Homelessness may not be in-your-face visible in Washington County, Jane Blackwood of the Homeless Project said at a recent project meeting, but staffers at food pantries, town offices and charities are often asked for help.

“People are couch surfing,” Blackwood said, describing how homeless folks may spend a few nights in a row at a friend’s home and then move on to a different friend’s home. “There are adult children living with parents, elderly parents living with their children. Now, if a homeless person shows up at a town office for help, they are put on a bus to Bangor.”

Recalling her tenure as Machias town manager, Betsy Fitzgerald, who is now Washington County manager, said trying to help homeless people “was one of the most frustrating aspects of being a town manager. There was nothing we could do for these folks.”

The nearest homeless shelter in Ellsworth “has a waiting list of 90 people at all times,” said Fran Bodell, a Homeless Project member. “We have no way of knowing how many of those people are from Washington County.”

But in 2011, the Washington Hancock Community Agency reported serving 375 homeless people, including 125 children under the age of 18. The organization also served dozens of couch surfers.

Meeting participants pointed out that some of the needy are chronically homeless while others have short term needs. “Last winter a house burned in Centerville during a blizzard, and those people had absolutely no place to go,” Becky McKenna of Marshfield said.

The Machias home that is being considered for use by the Homeless Project was formerly a shelter for domestic violence victims. Supporters say that funding will be the group’s biggest obstacle, particularly since no money from the Maine State Housing Authority may be available.

Mark Green, executive director of the Washington Hancock Community Agency, said MSHA has suspended funding of any new shelters.
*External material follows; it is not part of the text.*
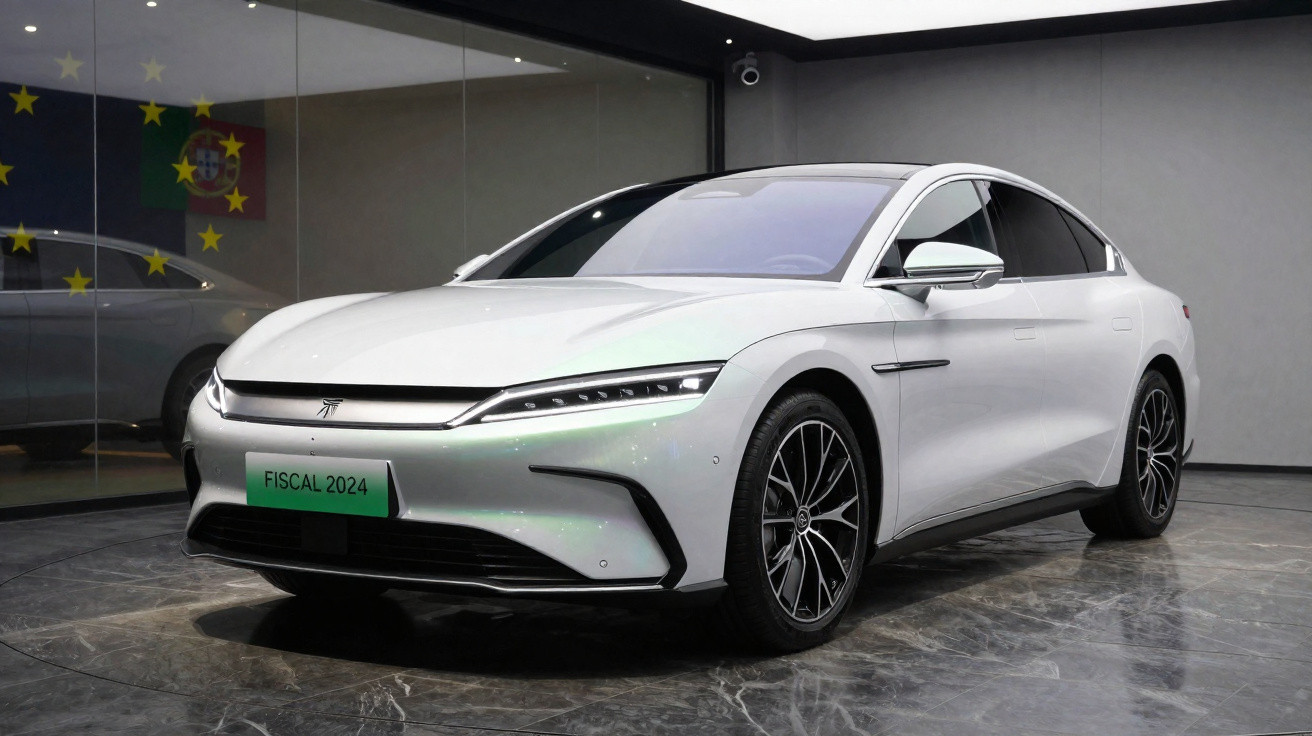 Carro elétrico branco moderno estacionado em showroom com piso de mármore e parede cinza.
He stressed that it was not that the agency did not see the need in Washington County, but rather that funding sources have dried up.
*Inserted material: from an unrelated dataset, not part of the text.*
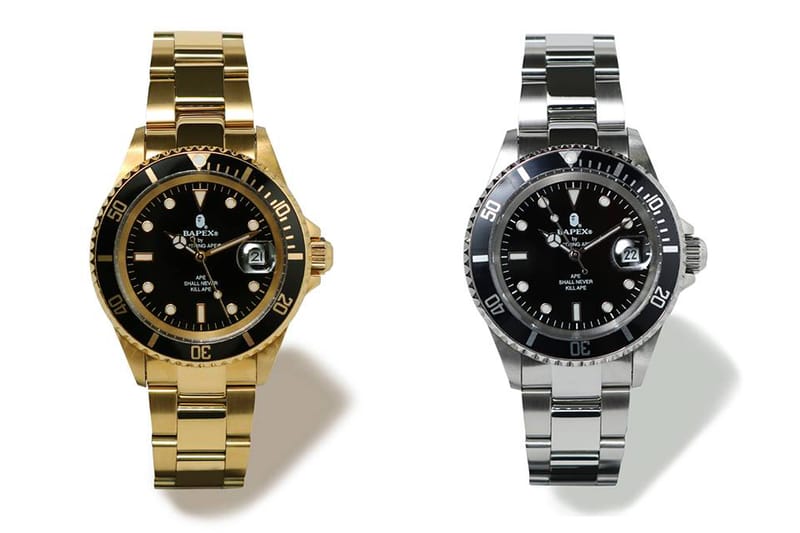 BAPE Type 1 BAPEX Black Dial in Gold and Silver Hypebeast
Green said the house that the Homeless Project is looking at is currently owned by the Washington Hancock Community Agency and MSHA. He said WHCA owes $66,000 on the mortgage and MSHA owes $100,000. The home was recently appraised for $83,000. Green said that if supporters of the Homeless Project could obtain outside funding through grants and foundations for operation and maintenance, the two owners may opt to give them the house. Green also said WHCA may be able to augment the project — by providing a caseworker and being the fiscal agent — but could not take the lead.
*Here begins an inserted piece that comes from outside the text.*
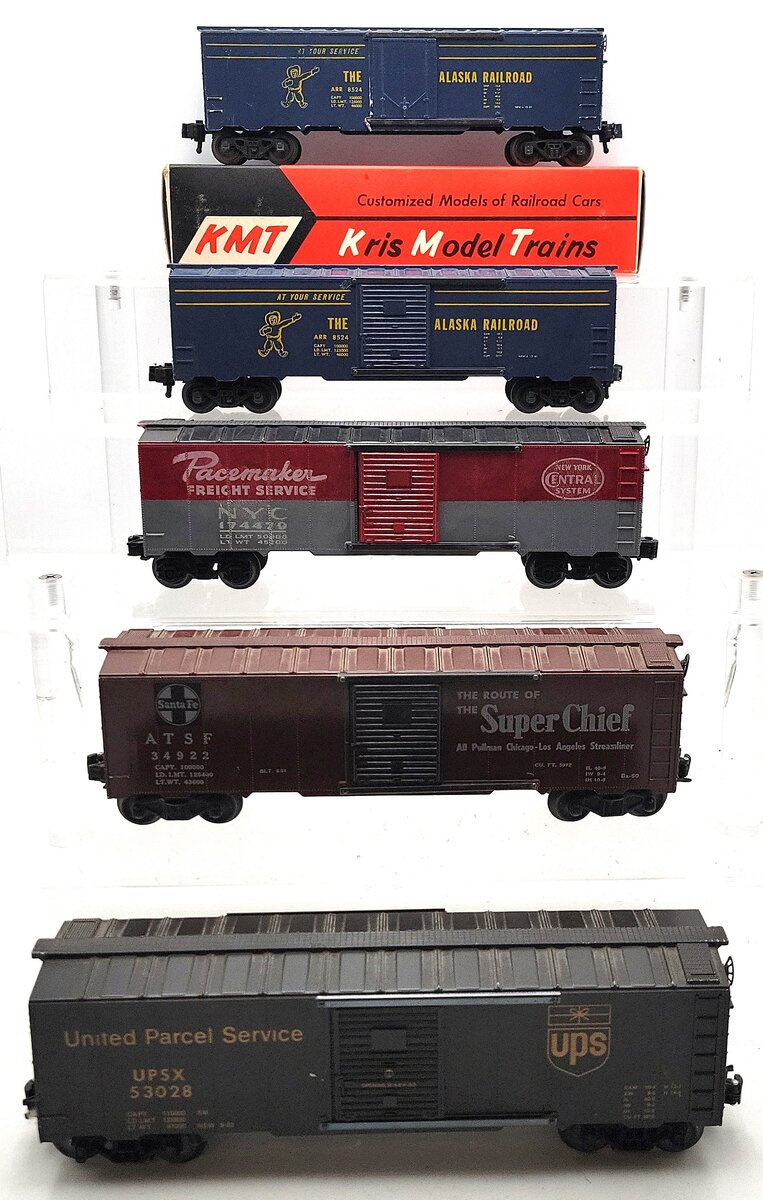 KMT & Other O Gauge Assorted Box Cars: 8524, 8524, 174479, 34922, 53028 [5] VG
That could work in the Homeless Project’s favor, he said. “Sometimes groups of committed volunteers can get things done that agencies can’t,” he said.

“It is hard to do what you folks are trying to do,” Green told a group of about half a dozen volunteers attending the recent meeting.

“But we are determined,” answered Marty Resotko of Steuben.

The group is currently working with homeless shelters elsewhere in the state to determine a funding structure, rules and regulations and how much staff would be required.

Green suggested that the group create a formal structure: name itself, appoint a board of directors, and create by-laws and a mission statement.

“Organize yourselves and then re-approach Maine State Housing,” he advised.

Community volunteers, agency representatives, and business leaders are encouraged to attend the next Homeless Project meeting at 5:30 p.m. Monday, May 20, at the conference room at Helen’s Restaurant in Machias.